**DIRECTIONS:**
Exclude the pictures and reproduce the remaining data exactly as written.

**DATASET EXCERPT:**
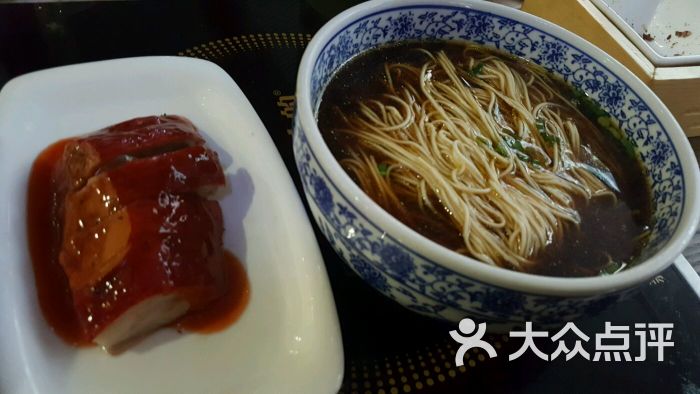 招牌卤鸭面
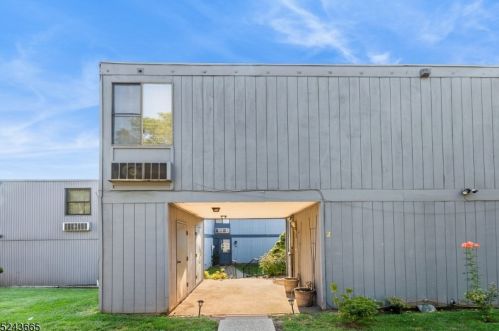 684 Irvington Ave, Maplewood NJ 07040-1623 exterior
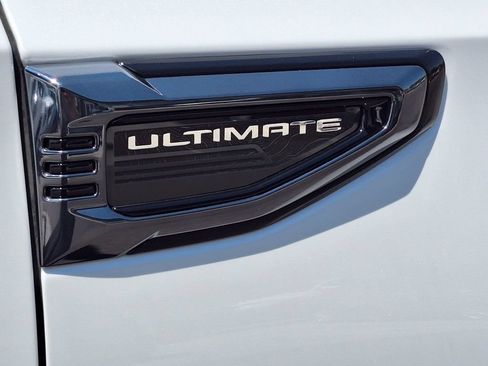 Used 2025 GMC Yukon Denali Ultimate AWD/4WD image 37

**ANSWER SECTION:**
 招牌卤鸭面
 684 Irvington Ave, Maplewood NJ 07040-1623 exterior
 Used 2025 GMC Yukon Denali Ultimate AWD/4WD image 37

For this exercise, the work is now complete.